The old Idiom Theater is undergoing a transformation into the Artists 12 Pop-up Gallery. This is a new space for our Pop Up Gallery Group (Artists 12). We have been busy transforming this space into an art experience. We'll be ready for the Downtown Art Walk this Friday: August 5th 6pm-9pm - 1418 Cornwall Avenue, Bellingham WA. (down the hall from Allied Arts Gallery).
I will have fresh pieces inspired by my recent trip to the north end of the Salish Sea. These small pieces each represent a location, and the flora and fauna that impressed me from that location.
Remember we are up for one night only and then we disappear until our next surprise show. See you there!

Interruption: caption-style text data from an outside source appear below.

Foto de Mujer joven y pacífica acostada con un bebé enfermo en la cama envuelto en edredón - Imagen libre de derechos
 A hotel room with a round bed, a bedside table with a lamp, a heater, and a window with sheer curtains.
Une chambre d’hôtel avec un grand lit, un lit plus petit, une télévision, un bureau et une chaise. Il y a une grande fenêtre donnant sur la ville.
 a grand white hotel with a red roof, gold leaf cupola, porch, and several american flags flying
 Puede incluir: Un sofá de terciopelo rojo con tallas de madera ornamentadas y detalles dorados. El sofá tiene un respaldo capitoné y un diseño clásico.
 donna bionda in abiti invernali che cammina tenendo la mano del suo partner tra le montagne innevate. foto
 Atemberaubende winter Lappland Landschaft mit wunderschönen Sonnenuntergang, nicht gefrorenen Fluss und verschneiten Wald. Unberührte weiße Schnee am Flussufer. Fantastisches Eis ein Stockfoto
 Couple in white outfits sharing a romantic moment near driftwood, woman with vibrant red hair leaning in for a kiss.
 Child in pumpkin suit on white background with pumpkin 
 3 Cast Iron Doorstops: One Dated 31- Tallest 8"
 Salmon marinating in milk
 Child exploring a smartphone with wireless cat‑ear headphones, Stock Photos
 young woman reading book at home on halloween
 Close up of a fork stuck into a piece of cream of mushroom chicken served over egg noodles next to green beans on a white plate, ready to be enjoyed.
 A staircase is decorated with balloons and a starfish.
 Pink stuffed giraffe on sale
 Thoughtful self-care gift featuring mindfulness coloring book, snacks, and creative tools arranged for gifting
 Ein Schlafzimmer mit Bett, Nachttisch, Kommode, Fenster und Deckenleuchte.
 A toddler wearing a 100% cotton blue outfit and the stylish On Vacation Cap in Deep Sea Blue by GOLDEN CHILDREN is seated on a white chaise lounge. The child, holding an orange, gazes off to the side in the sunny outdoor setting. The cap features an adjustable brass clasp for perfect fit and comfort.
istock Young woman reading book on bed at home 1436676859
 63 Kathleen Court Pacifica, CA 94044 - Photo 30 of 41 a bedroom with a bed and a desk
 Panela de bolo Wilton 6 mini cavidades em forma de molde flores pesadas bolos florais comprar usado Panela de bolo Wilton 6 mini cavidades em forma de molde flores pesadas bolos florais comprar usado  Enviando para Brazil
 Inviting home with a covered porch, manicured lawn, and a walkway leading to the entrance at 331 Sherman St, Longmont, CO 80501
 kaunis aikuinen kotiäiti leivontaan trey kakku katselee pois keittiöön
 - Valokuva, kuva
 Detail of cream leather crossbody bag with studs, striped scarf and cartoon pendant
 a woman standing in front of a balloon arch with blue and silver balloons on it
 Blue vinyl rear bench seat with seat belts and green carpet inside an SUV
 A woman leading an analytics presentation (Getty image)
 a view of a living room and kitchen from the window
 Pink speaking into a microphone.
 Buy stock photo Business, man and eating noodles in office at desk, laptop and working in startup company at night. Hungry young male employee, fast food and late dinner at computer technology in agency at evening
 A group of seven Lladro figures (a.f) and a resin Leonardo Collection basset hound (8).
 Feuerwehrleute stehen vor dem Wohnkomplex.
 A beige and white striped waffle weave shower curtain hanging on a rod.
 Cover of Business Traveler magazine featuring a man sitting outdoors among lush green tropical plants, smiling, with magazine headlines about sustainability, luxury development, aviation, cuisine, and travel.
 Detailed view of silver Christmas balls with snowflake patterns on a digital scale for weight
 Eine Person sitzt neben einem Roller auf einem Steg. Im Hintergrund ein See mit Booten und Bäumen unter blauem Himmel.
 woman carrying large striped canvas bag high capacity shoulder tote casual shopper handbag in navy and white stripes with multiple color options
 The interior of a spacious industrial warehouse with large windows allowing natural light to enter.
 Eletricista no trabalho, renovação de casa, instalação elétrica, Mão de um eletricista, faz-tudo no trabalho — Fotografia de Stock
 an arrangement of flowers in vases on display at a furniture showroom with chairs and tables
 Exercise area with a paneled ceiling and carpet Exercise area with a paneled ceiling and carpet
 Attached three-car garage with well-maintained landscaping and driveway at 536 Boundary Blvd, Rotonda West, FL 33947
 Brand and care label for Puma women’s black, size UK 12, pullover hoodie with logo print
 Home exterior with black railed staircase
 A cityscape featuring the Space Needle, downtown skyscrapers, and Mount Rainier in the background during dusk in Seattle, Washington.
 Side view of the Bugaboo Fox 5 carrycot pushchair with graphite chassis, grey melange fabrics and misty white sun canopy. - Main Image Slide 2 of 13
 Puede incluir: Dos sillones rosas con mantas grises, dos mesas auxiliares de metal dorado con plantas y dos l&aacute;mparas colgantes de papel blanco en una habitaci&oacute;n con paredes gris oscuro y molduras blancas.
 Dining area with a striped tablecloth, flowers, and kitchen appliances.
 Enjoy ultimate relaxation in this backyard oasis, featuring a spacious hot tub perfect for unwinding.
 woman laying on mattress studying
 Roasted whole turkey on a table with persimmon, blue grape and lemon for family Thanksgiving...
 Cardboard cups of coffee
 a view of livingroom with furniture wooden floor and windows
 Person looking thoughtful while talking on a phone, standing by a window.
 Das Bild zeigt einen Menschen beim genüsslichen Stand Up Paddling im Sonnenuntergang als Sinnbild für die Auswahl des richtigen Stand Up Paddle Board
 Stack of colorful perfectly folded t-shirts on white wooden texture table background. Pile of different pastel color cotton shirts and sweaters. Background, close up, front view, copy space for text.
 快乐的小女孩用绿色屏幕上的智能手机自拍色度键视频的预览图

A Journey Through the Salish SeaThis group of paintings were created this summer as my family and I journeyed around the northern extent of the Salish Sea. We spent a month tucked in little harbors and bays in Desolation Sound aboard our boat Misogi. We are no strangers to the aquatic world as my husband, son and I live aboard a 54’ wooden trawler in Squalicum Harbor.
The Salish Sea is the unified bi-national ecosystem that includes Washington State’s Puget Sound, the Strait of Juan de Fuca and the San Juan Islands as well as British Columbia’s Gulf Islands and the Strait of Georgia. The name recognizes and pays tribute to the first inhabitants of the region, the Coast Salish. It is internationally governed as it crosses the international boundary between the United States and Canada. The Salish Sea is one of the world’s largest and biologically rich inland seas. Here are a few interesting facts about the Salish Sea:
- Coastline length, including islands: 7,470 km
- Total number of islands: 419
- Maximum depth: 650 meters
- Number of different marine animal species estimated at 37 species of mammals, 172 bird species, 247 fish species, and over 3000 species of invertebrates
- Number of species listed as threatened, endangered or are candidates for listing: 113
Grace Bay Dragon, 6"x 6" acrylic on wood cradle.
Grace Bay is a very secluded bay off the Malaspina Inlet. The harbor is located in the Desolation Sound Marine Park and is located on the mainland. There are no roads into this area. Grace Bay is quiet and totally secluded. The cedars and firs come down to the waterline. A small trail leads from the bay to Black Lake. This lake is a wetland wonderland with black, tannic water and dragonflies filling the sky. This painting is of a female Western Pondhawk (the males are blue). It took a liking to my son and was often resting on our boat.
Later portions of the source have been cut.